PPS: In law and politics especially, determining a 'fact' often has the
ridiculous outcome that ridiculous rules based on rough estimates determine a
detrimental outcome, e.g. age-limits on movies or tax collection. Those are
real underlying problems, not philosophy. And the very notion of free will
comes into play with 'wanton'. That does not just play a role with e.g.
premediated murder, but "Willkürverbot" against law and court is anchored in
the German Grundgesetz, that every decision must be based on reason. "Willkür"
roughly translates to ... wow, I guess, "good faith". Whereas 'voluntary' is
"freiwillig" (free willing). "Wille" compares to "Wahl" (election, choice).
The history of "Willkür" is complicated, but Pfeifer compares Sanskr. "juis-",
for "Kür" and related words, which reminds too much of Lt. 'iius'.

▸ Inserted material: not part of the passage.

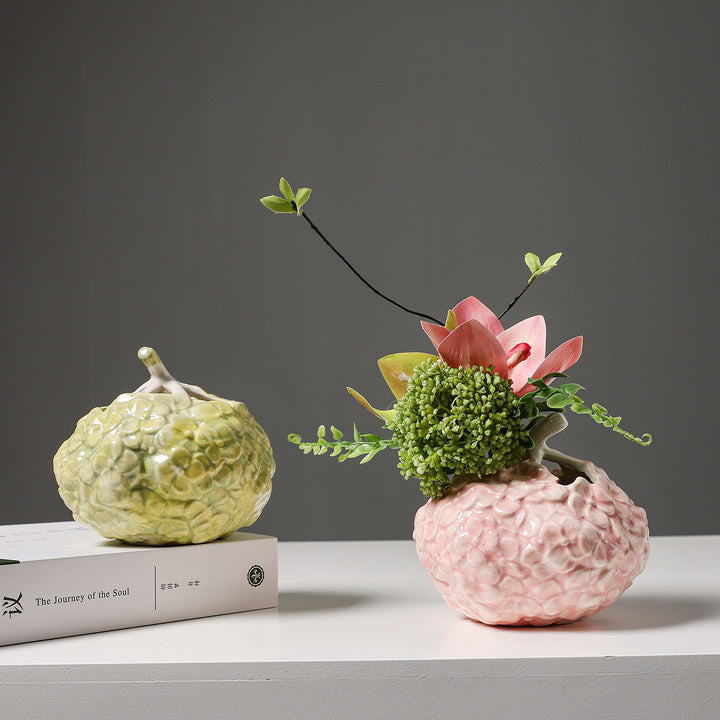 Textured Floral Decorative Ceramic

> got. kiusan ‘prüfen’. Hierzu stellen sich außergerm. Entsprechungen wie
> aind. juṣátē, jṓṣati ‘hat gern, findet Gefallen, genießt’, awest. zaoš-,
> apers. dauš- ‘an etw. Gefallen finden’, griech. gé͞uesthai (γεύεσθαι)
> ‘kosten, schmecken, zu spüren bekommen’, lat. dēgūnere ‘kosten’, air. togu
> ‘wählen’ und, mit dentalem Element wie in ↗kosten (s. d.), lat. gustāre
> ‘kosten, genießen’, die auf eine gemeinsame Wurzel ie. _g̑eus-_ ‘kosten,
> genießen, schmecken’ (im Germ. und Kelt. ‘wählen’ durch Übertragung des
> Wahrnehmens und Prüfens auf andere Sinnesbereiche) führen.

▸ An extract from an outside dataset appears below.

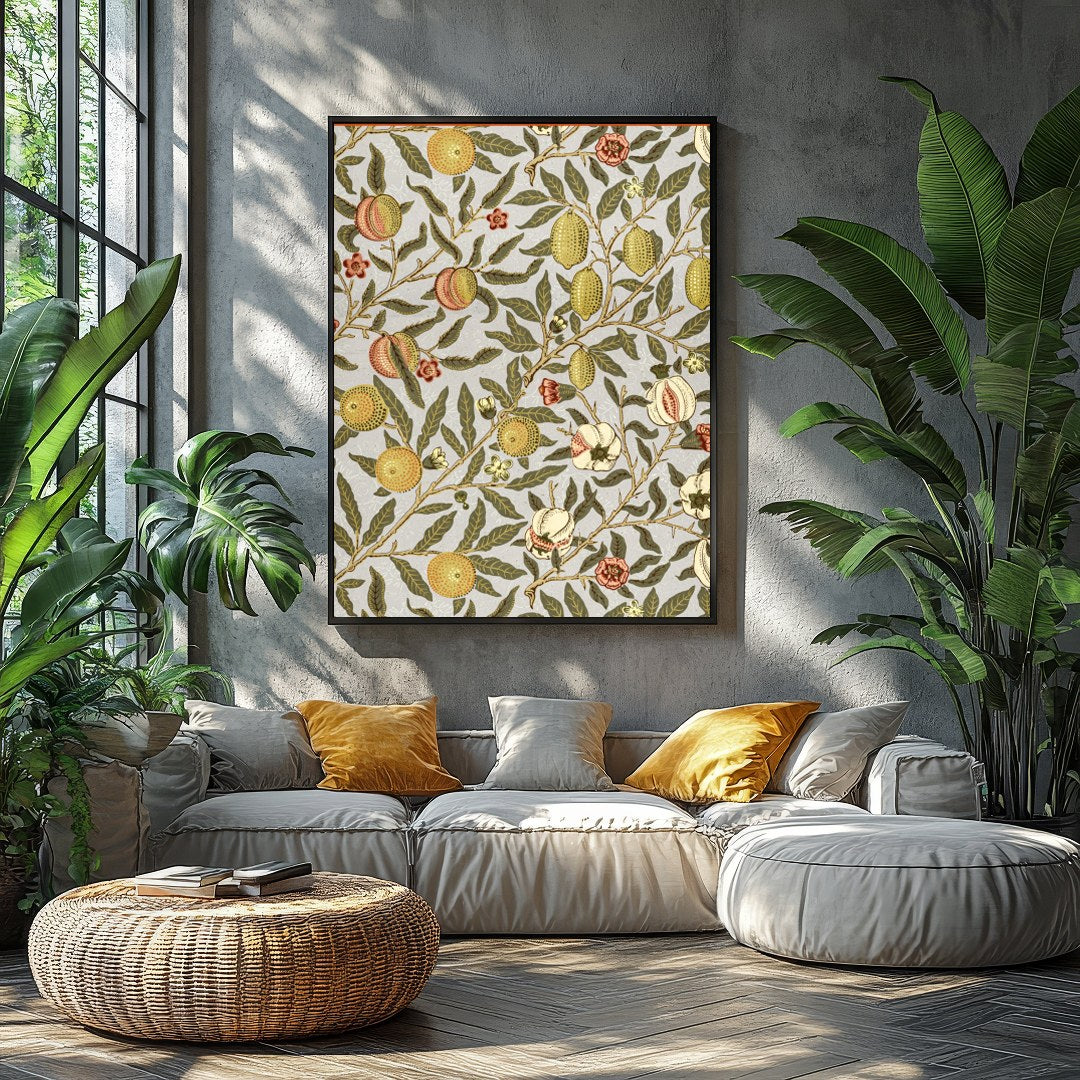 Elevate your space with this exquisite botanical print by William Morris, showcasing a delicate for Balcony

"iius" also reminds of 'juice', as far as enjoyment goes, which with relations
to blood (cp. Agr. ear - blood, juice; and the four humors [juices] theory,
"Viersäfteleehre"). 'Joy' itself looks related. Talk about bad blood and
gusto. Gives August a different perspective, too.

Whereas "free" has to be compared to "Frieden" (piece), with a sense secure,
bounded (cp. fence? Friesen ... Brit vs Fritz, through 'bh'?). Still Lt.
"volens" has to be compared to Ger. "wollens" (and vollends?). Ultimately I
take a shortcut and equate well with will to derive good (cp Ger. "Güte" \-
mercy, quality, "Gut" \- merch, lot [of a farm]); And 'faith' from "Treu und
Glauben" and "guter Glaube" which expresses the notion of Willkür for old
Kurpfalzen best, by my own esteemed estimate. This derivation is a bit of a
freestyle ("Kür" as in sports). "Kür" could relate to 'sure' if a prehistoric
_scur_ is assumed, which is, of course, obscure, as is 'obscure'.

So we see that the words _free will_ are not literal because a lot of punning
was involved.

None of that has anything to do with stars, but election is superficially
cognate with illuminate (elector - sun; lux - light; lego - collect, read;
ligo - bind) and to star has something to do with being appointed.